Pendant que l’essayiste gémissait sur
le sort de la France dans les pages du quotidien italien Corriere della Sera, il
déclara sans vergogne que « Les musulmans ont leur code civil, c'est
le Coran. Ils vivent entre eux, dans les périphéries. Les Français ont été
obligés de s'en aller ». Oubliez l’ânerie de fond de cette
allégation, notez bien ce détail gravissime, avec quelle aisance Eric Zemmour
a déjà déchu dans sa tête dérangée, les citoyens de confession musulmane, de la
nationalité française : les « Français » sont partis des
banlieues à cause des « Musulmans », parce que les Musulmans des
banlieues ne sont pas Français ? En tout cas, le journaliste italien ahuri
par ce qu’il venait d’entendre lui posa alors la question saugrenue : « Mais,
que suggérez-vous de faire ? ‘Déporter’ cinq millions de musulmans français,
les mettre dans des avions pour les chasser ? ». Zemmour
l’interrompt : « Ou sur des
bateaux ! » (précision
attestée par le journaliste dans Libération du 18 dec.). Et c’est la boite de Pandore qui s’ouvre pour le passéiste du
best-seller Le Suicide français. D’habitude
quand on lui posait ce genre de questions, « mais que proposez-vous ?
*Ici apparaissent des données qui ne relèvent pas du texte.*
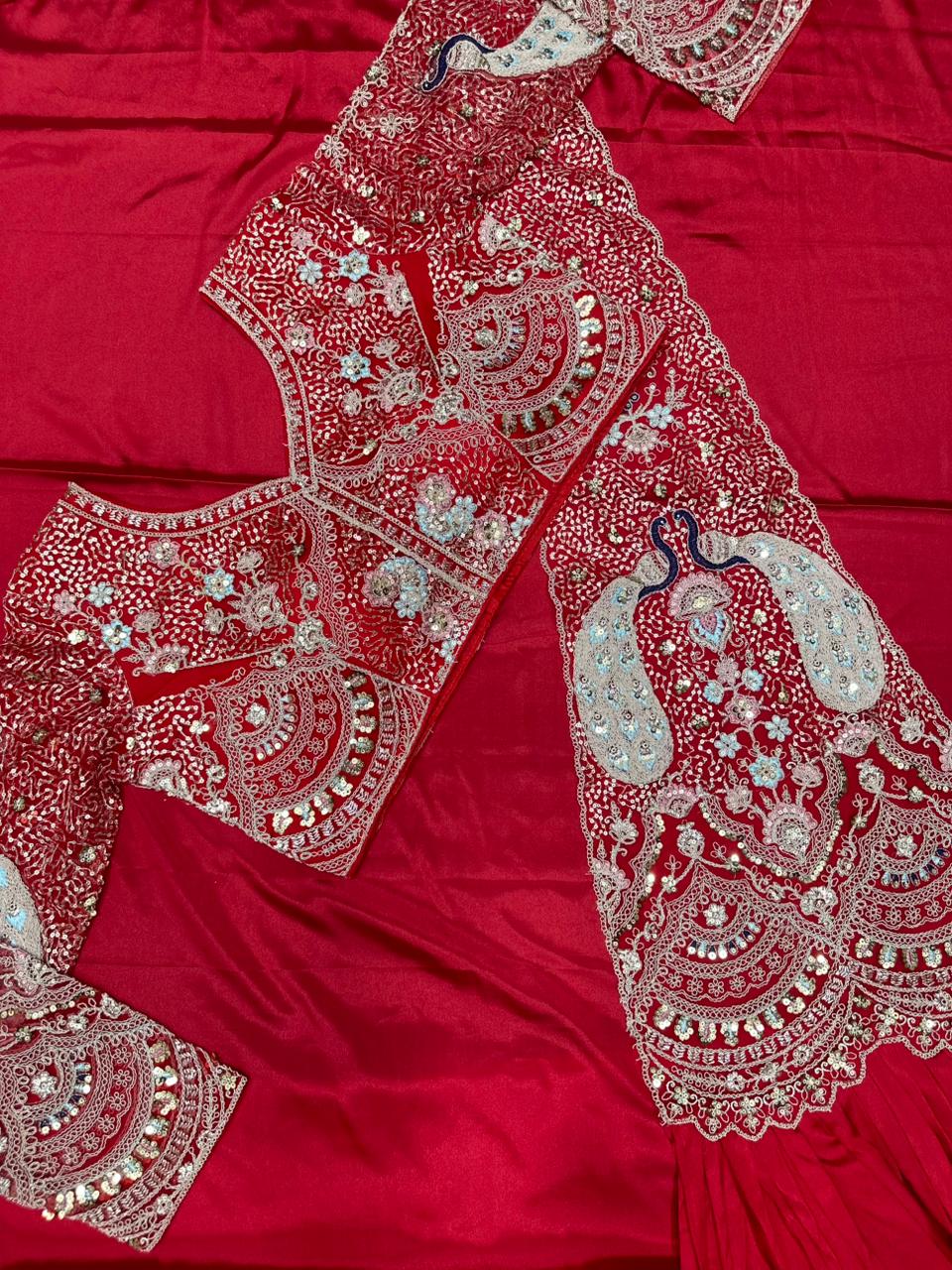 Super Trending Red Sequence Work Ready-to-Wear Saree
», Eric Zemmour répondait immanquablement, « mais je ne suis pas
politicien ! ». Et là pour cette question dont la formulation est
dérangeante pour tout Français normalement constitué, subitement, il s’est
trouvé très inspiré. Voici sa réponse, texto : « Je sais, c'est irréaliste mais
l'Histoire est surprenante. Qui aurait dit en 1940 qu’un million de
pieds-noirs, vingt ans plus tard, seraient partis d'Algérie pour revenir en
France ? Ou bien qu'après la guerre, 5 ou 6 millions d'Allemands auraient
abandonné l'Europe centrale et orientale où ils vivaient depuis des siècles ? »
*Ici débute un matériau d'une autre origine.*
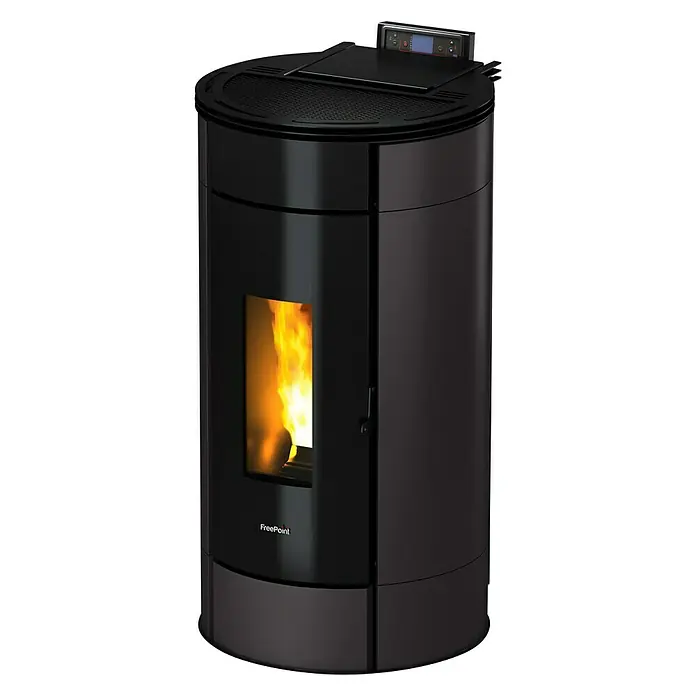 FreePoint Pelletofen Globe - 2,8 kW - 10,5 kW, Raumheizvermögen: 252 m³, Anthrazit - Vorderansicht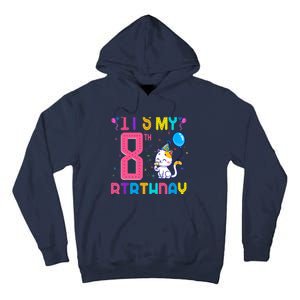 It's My 8th Birthday Cat Birthday 8 Yr Old Outfit Tall Hoodie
Eh oui, c’est gravissime ! L’islamophobe a tenté par la suite
de faire diversion en polémiquant au sujet du mot « déporter », qu’il n’aurait jamais prononcé. Et pourtant, le mot y figure noir sur blanc. Dans tous les cas, le
problème n’est évidemment pas lexicologique, mais sémantique. « Déporter » désigne l'action de «
déplacer une population vers un territoire lointain ou vers un pays étranger », ce dont il était question dans l'interview. Donc
en gros, déporter cinq millions de Français, de confession musulmane, dont la
religion ne convient pas à ce Français de confession juive, n’est pas une idée
infâme en soi. Eric Zemmour ne
s’offusque pas, il ne condamne pas, il ne proteste même pas. Notons qu’il a
interrompu le journaliste italien pour glisser qu’une telle déportation
pourrait se faire par bateau, ce qui confirme que cette idée ignoble ne l'a
même pas choqué. Pire, il trouve simplement, avec la naïveté de tout intellectuel
xénophobe et islamophobe, que c’est surréaliste, mais réalisable par l’Histoire.
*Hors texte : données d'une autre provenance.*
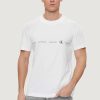 Uomo Calvin Klein | T-Shirt Calvin Klein Logo Repeat Bianco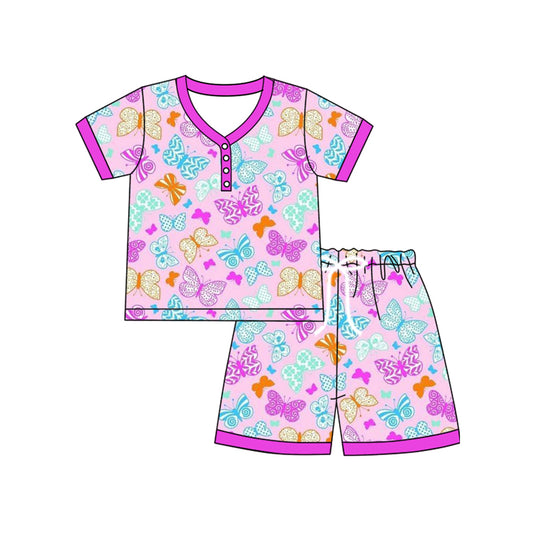 presale GSSO2616  Adult Women Hot Pink Short Sleeves Butterfly Button Top Short Pajamas Sets D 4.21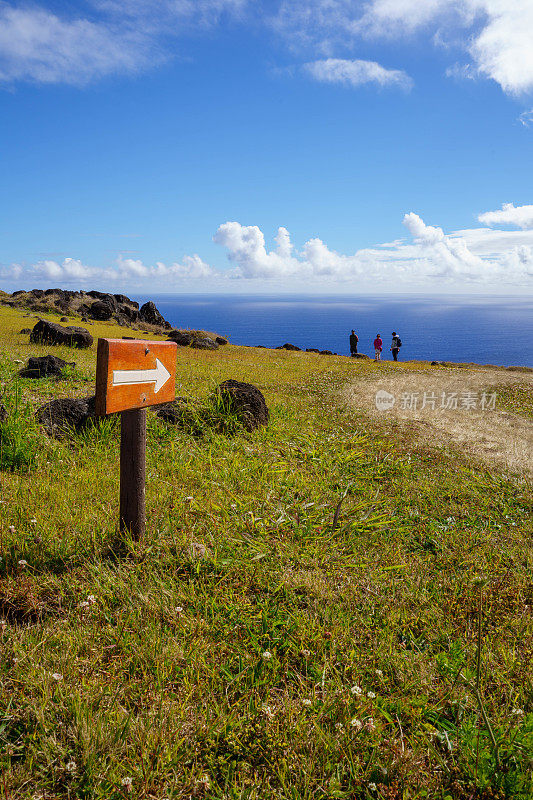 从智利复活节岛的Orongo村看到的Motu Nui岛和较小的Motu Iti岛与Motu Kao Kao海堆的道路上的木制方向标志特写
Pire encore, Eric Zemmour rajoute juste après, « Cette situation d’un
peuple dans le peuple, des musulmans dans le peuple français, nous conduira au
chaos et à la guerre civile. Des millions de personnes vivent ici, en France,
mais ne veulent pas vivre à la française. » Et encore là, il s’autorise
sans scrupules, à déchoir ses compatriotes dont la religion ne lui convient
pas, de leur nationalité : c’est un « peuple
dans le peuple français ». Ah oui, parce que la déportation de cinq
millions de personnes est de nature à pacifier la France ? Ou voyons, ses
déclarations xéno-islamophobes sont peut-être de nature à franciser la
mentalité de tous ces « musulmans dans le peuple français » et ces « millions de personnes (qui) vivent ici,
en France, mais (qui) ne veulent pas vivre à la française » ? J’ai rarement lu des déclarations aussi stupides,
et surtout, aussi irresponsables de la part d’un homme public en France. Et
quand on lui a demandé, « Mais que signifie : vivre à la
française ? », le Français dont la famille faisait partie de la
communauté juive d’Algérie, récemment débarquée en France, a détaillé le cahier des charges du « bon Français ». Pour
le besoin tragi-comique de ce moment d’anthologie, je morcellerai sa réponse en
huit critères :
1. « Cela signifie donner à ses
enfants des prénoms français », lol ! Et on fait quoi des
noms comme les Zemmour ? Une minute, les Zemmour, c’est pas très français
ça ? Il va falloir le franciser, et plus vite que ça ! Que fait-on des
prénoms comme les Aaron, Sarah ou le fameux Salomon de Louis de Funès ? Que
deviendront les Vanessa, Kevin, Maria et José ? Ah, j’ai oublié, ce sont
les Karim, Nadia et Bakhos qui dérangent ! Admettons, et une fois qu’on a
réglé le problème des prénoms, on fait quoi des « faciès » pas très
français ? Des basanés, des crépus, des bridés ? Des têtes de
bougnoules, des têtes de turcs, des têtes à claques comme la sienne par exemple ?
2. « Etre monogame »,
lol aussi. Toc toc toc, is there anybody
out there ? Réveille-toi Zemmour ! Comme si la polygamie est
répandue dans l’hexagone ou comme si elle n’était pas interdite en France. A
moins, que le petit Zemmour ne veuille interdire l’adultère, ce qui ne
m’étonnerait pas vu le personnage.
3. « S’habiller à la française »,
lol également. Ce n’est pas un peu du talibanisme ? Et pourquoi, les
musulmans s’habillent comment ? Ah, mais il pense au voile sans doute. Et
on fait quoi de ceux qui arborent la kippa en toutes circonstances, comme signe
ostentatoire de leur appartenance à la communauté juive française ? Il faudra peut-être commencer par balayer devant sa porte.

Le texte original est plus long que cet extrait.